*** Opening of RECORDS SHOWN ***

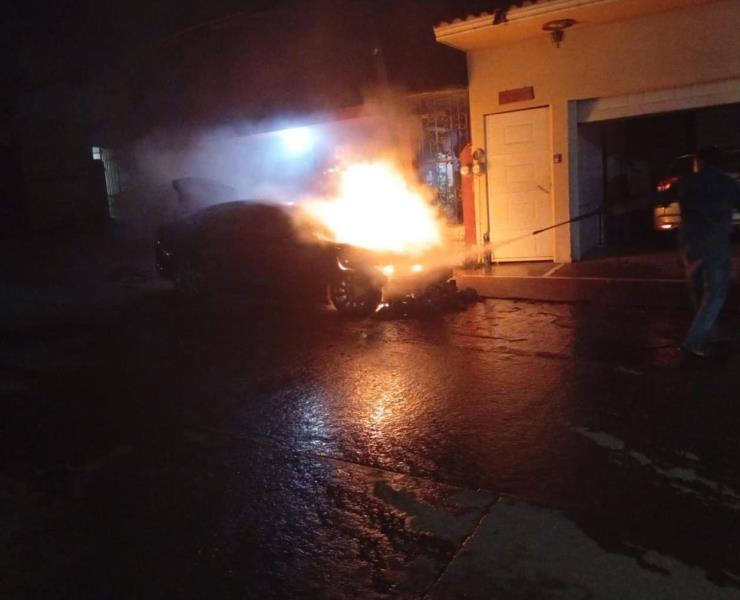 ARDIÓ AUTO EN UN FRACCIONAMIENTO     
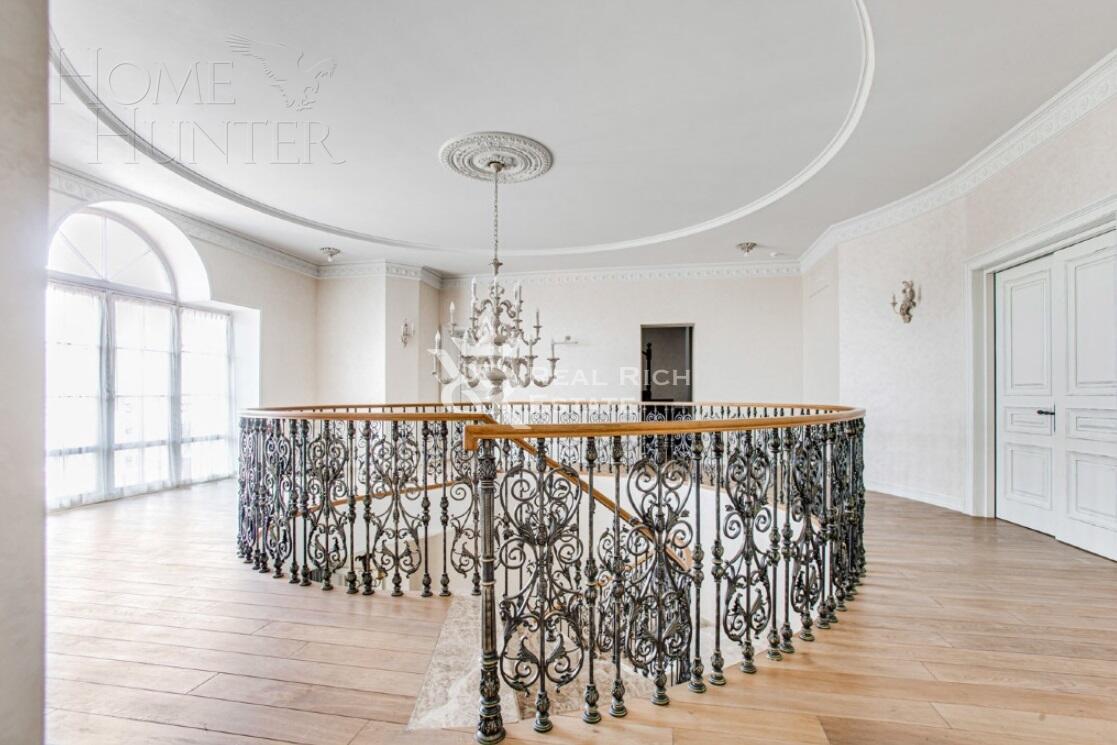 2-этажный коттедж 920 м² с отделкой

*** Close of RECORDS SHOWN ***
*** Opening of RECORDS SHOWN ***

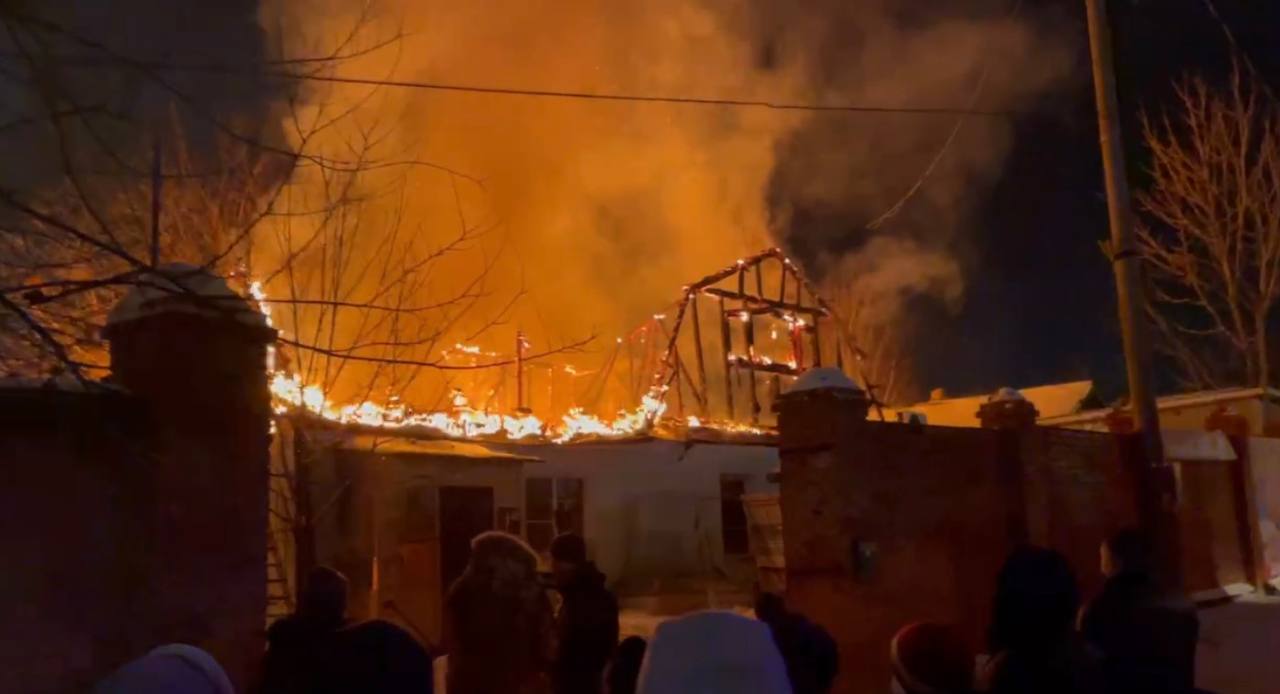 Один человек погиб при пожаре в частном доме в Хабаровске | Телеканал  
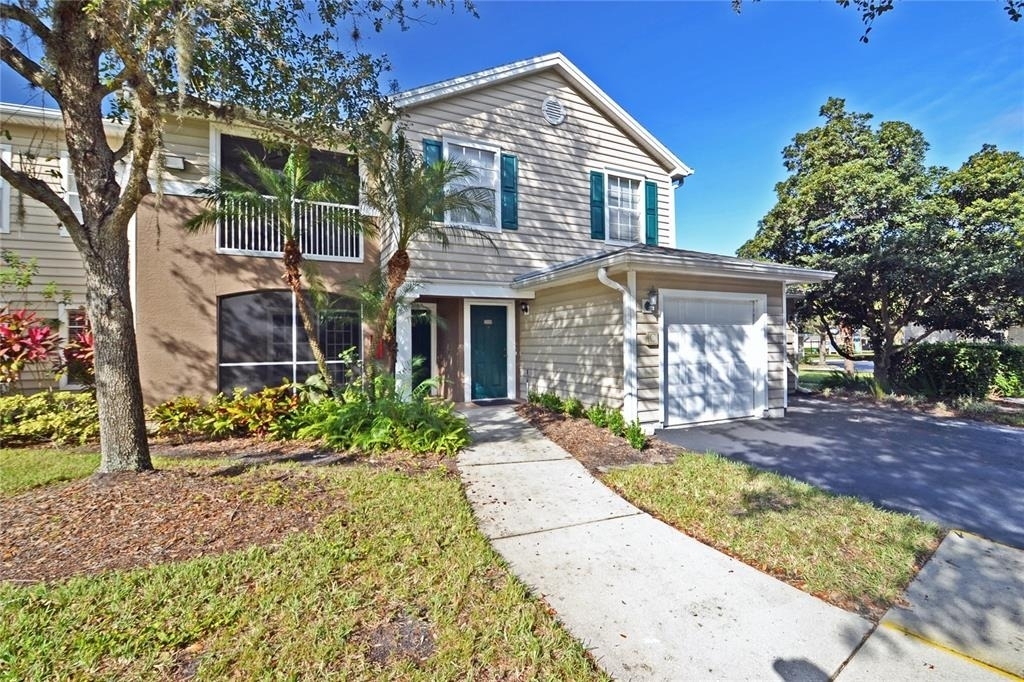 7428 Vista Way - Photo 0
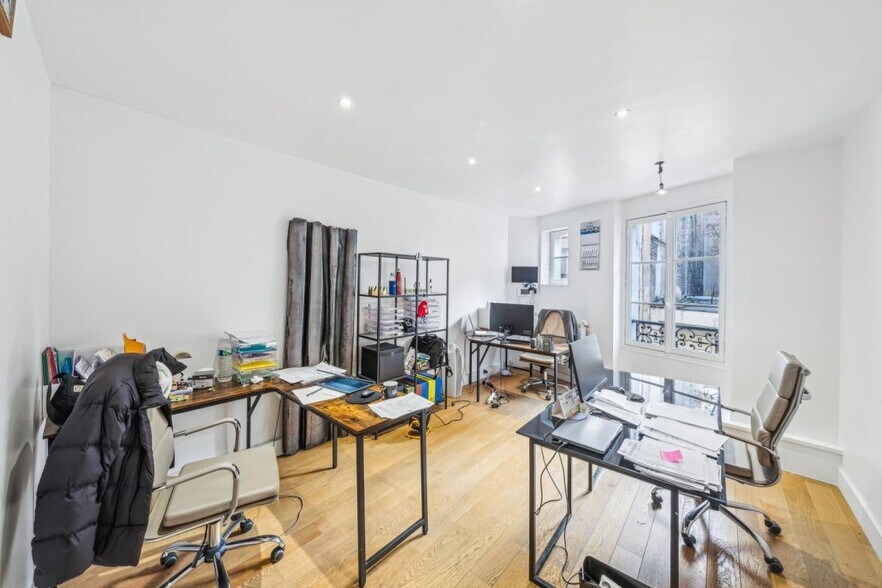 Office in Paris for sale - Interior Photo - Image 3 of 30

*** Close of RECORDS SHOWN ***

**DIRECTIONS**. Your answer should be the exact lines above from the one containing "7428 Vista Way - Photo 0" through the one containing "Office in Paris", with both end lines kept and the pictures removed, please.

**RESULT OF THE TASK**.
 7428 Vista Way - Photo 0
 Office in Paris for sale - Interior Photo - Image 3 of 30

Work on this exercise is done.